Keith Whittington
Keith E. Whittington is William Nelson Cromwell Professor of Politics in the Department of Politics at Princeton University. He is the author of Speak Freely: Why Universities Must Defend Free Speech, as well as Constitutional Construction: Divided Powers and Constitutional Meaning, and Constitutional Interpretation: Textual Meaning, Original Intent, and Judicial Review, and Political Foundations of Judicial Supremacy: The Presidency, the Supreme Court, and Constitutional Leadership in U.S. History (which won the C. Herman Pritchett Award for best book in law and courts and the J. David Greenstone Award for best book in politics and history), and Judicial Review and Constitutional Politics, and American Political Thought: Readings and Materials.
He is the editor (with Neal Devins) of Congress and the Constitution and editor (with R. Daniel Kelemen and Gregory A. Caldeira) of The Oxford Handbook of Law and Politics and editor of Law and Politics: Critical Concepts in Political Science. He is also the author (with Howard Gillman and Mark A. Graber) of American Constitutionalism, vol. 1: Structures of Government and American Constitutionalism, vol. 2: Rights and Liberties (which together won the Teaching and Mentoring Award for innovative instructional materials in law and courts), and American Constitutionalism: Powers, Rights and Liberties (a one-volume abridgement). He has published widely on American constitutional theory and development, federalism, judicial politics, and the presidency.
He has been a John M. Olin Foundation Faculty Fellow and American Council of Learned Societies Junior Faculty Fellow, and a Visiting Scholar at the Social Philosophy and Policy Center, and a Visiting Professor at the University of Texas School of Law.
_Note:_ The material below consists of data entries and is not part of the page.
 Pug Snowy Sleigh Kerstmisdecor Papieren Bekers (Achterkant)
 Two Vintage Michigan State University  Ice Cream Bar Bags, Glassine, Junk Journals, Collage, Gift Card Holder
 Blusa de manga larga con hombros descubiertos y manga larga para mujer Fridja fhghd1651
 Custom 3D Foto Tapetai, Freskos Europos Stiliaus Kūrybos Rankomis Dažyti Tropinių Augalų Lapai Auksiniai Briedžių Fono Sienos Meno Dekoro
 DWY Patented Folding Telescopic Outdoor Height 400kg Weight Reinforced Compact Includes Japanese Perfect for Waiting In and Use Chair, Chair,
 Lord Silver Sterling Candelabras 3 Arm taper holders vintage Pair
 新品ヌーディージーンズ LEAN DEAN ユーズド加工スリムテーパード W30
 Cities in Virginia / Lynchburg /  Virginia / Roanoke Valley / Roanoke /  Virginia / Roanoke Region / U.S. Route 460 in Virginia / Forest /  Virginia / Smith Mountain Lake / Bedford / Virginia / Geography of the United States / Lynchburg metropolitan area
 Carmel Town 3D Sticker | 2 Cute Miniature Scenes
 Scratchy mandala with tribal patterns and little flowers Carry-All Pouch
He is a member of the American Academy of the Arts and Sciences. He is editor (with Gerald Leonard) of the New Essays on American Constitutional History and editor (with Maeva Marcus, Melvin Urofsky, and Mark Tushnet) of the Cambridge Studies on the American Constitution. His new book, Repugnant Laws: Judicial Review of Acts of Congress from the Founding to the Present, is forthcoming and he is currently completing Constitutional Crises, Real and Imagined and The Idea of Democracy in America, from the American Revolution to the Gilded Age.